* [Exercise instructions]
From the first line to the last, copy the material exactly and leave the pictures out.

* [Exercise data]

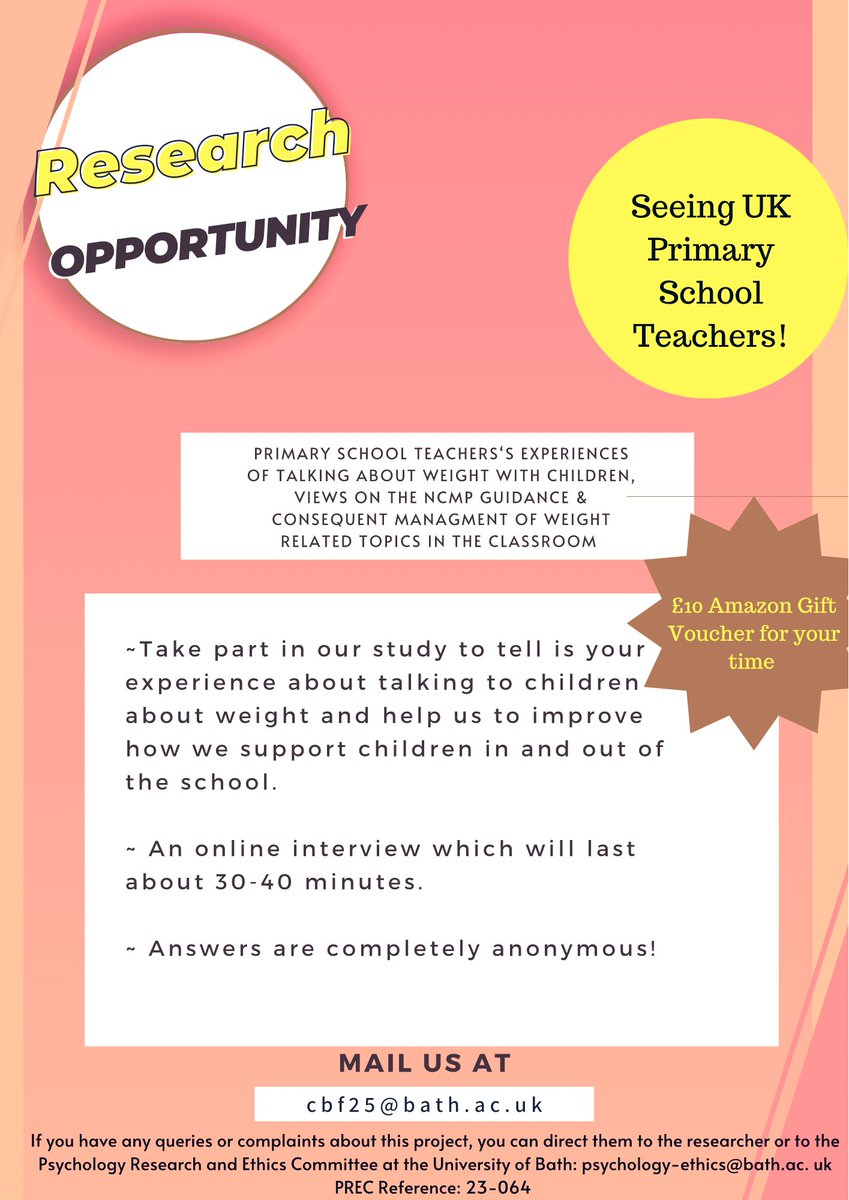 Christabelle Fernandes (@christabellef_) on Twitter photo Are you a primary school teacher?
As part of the Centre for Motivation and Behaviour Change at the <a href="/UniofBath/">University of Bath</a> , weāre conducting a study to explore primary school teacherās opinions on the guidance that accompanies the National Child Measurement Program. Email if interested!! Are you a primary school teacher?
As part of the Centre for Motivation and Behaviour Change at the <a href="/UniofBath/">University of Bath</a> , weāre conducting a study to explore primary school teacherās opinions on the guidance that accompanies the National Child Measurement Program. Email if interested!!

* [Response to the task]
 Christabelle Fernandes (@christabellef_) on Twitter photo Are you a primary school teacher?
As part of the Centre for Motivation and Behaviour Change at the <a href="/UniofBath/">University of Bath</a> , weāre conducting a study to explore primary school teacherās opinions on the guidance that accompanies the National Child Measurement Program. Email if interested!! Are you a primary school teacher?
As part of the Centre for Motivation and Behaviour Change at the <a href="/UniofBath/">University of Bath</a> , weāre conducting a study to explore primary school teacherās opinions on the guidance that accompanies the National Child Measurement Program. Email if interested!!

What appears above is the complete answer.